YEECH SOME BUGS DESERVE THE DEATH PENALTY

Tom and I agree on most things--politics for instance. We both are progressive, but not slavishly Democrat.  We have voted for a Republican before (rarely) and are supporting a Green candidate this election cycle. It is truly about the issues and the person.

We also agree on movies--musicals, movies with a message (or sappy movies as Jeny calls them), quality cartoons, like Up, movies with a historical theme.


We both like sports, especially basketball and soccer. Tom loves football; I love tennis. We are CRAZY for the Tar Heels, hate Duke, enjoy USC and are interested in Clemson. We follow the NBA.




Tom and I like the same food--basically all food, except that I don't like beets. I can't stand beets. 
 



                                                 
  
                                                         Yuck to beets.






There are some things we do not agree on, but that would be the subject of a different post.

Well, it is sort of, in a way, relevant to this one.  Tom and I absolutely agree about the sanctity of life, about the worth and dignity of every person and the interdependent web of all existence. In some cases that means the same thing to both of us.  We do not believe in the death penalty.  We do not hunt for sport. We do not believe in using fur or exotic animal skins for designer accessories--fancy fur coats, leopard Prada handbags, alligator shoes, meat dresses.

 
Tom and I also agree that we should not destroy animals or insects that invade our home.  Though their natural habitat is outside--in the yard, forest, or garbage or whatever/where-ever, on occasion a creature will come into our house uninvited.  There have been many times when the visitor has been drug in by the cat--as they say,  ungrammatically. Muck is the hunter one of our two cats, who likes to bring her prey in through the cat window, usually still alive. She brings in crickets, grasshoppers, baby rabbits, birds, snakes, frogs, mice. Other creatures wander in on their own--ladybugs, spiders, bees. We always try to get the creature back outside, by picking it up, which works for ladybugs, spiders, even snakes sometimes. We shoo them out through broadly open doors.  That works for birds, rabbits and bees. If we can put a container over the top of them and carry them out, the crickets, grasshoppers and frogs make it outside.  Even the mouse is treated humanely.  We use the type of trap that draws him inside an enclosure with peanut butter bait, slams the door behind and allows us to transport him outside and release him far far away from the house, far away. We respect the sanctity of all creatures, including insects.

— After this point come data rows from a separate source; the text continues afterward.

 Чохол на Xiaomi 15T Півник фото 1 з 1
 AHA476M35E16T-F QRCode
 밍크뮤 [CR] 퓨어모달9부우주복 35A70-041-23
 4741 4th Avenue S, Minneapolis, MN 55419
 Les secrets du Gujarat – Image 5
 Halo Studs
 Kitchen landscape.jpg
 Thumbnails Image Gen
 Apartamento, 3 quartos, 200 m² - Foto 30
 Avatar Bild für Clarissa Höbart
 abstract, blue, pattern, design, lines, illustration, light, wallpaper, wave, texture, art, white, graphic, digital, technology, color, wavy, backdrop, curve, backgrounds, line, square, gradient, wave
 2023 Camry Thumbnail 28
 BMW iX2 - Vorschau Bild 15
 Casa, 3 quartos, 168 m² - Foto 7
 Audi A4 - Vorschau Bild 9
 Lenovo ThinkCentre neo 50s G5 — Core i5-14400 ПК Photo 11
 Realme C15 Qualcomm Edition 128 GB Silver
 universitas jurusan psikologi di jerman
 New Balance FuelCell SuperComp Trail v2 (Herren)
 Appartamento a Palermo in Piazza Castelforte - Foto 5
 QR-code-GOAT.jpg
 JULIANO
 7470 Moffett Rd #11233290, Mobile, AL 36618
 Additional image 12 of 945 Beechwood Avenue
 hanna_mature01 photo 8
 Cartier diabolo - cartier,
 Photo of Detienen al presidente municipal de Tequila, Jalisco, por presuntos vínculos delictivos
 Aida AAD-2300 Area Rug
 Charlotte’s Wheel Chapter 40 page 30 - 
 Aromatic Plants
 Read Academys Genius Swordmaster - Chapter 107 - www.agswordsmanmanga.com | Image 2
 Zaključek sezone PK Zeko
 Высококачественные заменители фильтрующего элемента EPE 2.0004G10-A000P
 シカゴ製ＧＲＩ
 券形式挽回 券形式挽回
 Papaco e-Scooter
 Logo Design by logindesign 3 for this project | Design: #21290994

........except one.........


When I see a COCKROACH, I step on him. I step on him with a vengeance.  I grind him into pieces. I run him down.   I have no mercy. I am glad he is dead.  If I see one outside, sometimes I kill him as a preventative measure.  That is one cockroach of the 200,000,000,000 in the world that will not be coming into my house. 

Cockroaches abound in South Carolina.  It is hot and damp, which makes an ideal breeding ground for them.  Euphemistically we call them Palmetto bugs.  And, in fact,  there is a slight difference between the two.  Palmetto bug are larger and they can fly!

 
Tom argues that we should treat them as we do other 
 creatures, that they should be carried outside and set free to live their cockroach lives. This is one thing that we have argued about pretty consistently.  I don't think they deserve to live and the thought of picking one up is so revoltingly repulsive that I can taste the bile in my mouth at the thought.  I try to educate Tom about cockroach facts. They spread filth; they cause allergies, including asthma. He maintains that is all Orkin propaganda.

 Recently, I was at the computer in our home office.  He was in the den watching the news on notFox. I heard him   say, rather loudly, "Woooow."  Then he said "Umph."  In a minute he remarked, in a peculiar voice, "The oddest thing just happened!  A huge cockroach just landed on my head. When I tried to knock it off, it kinda got tangled in my hair."  I was incapable of a response.



I do not anticipate that Tom will, upon sighting the next cockroach, be carrying it outside to continue its cockroach life.  In my opinion, some bugs deserve the death penalty.  I wonder if  Tom now agrees.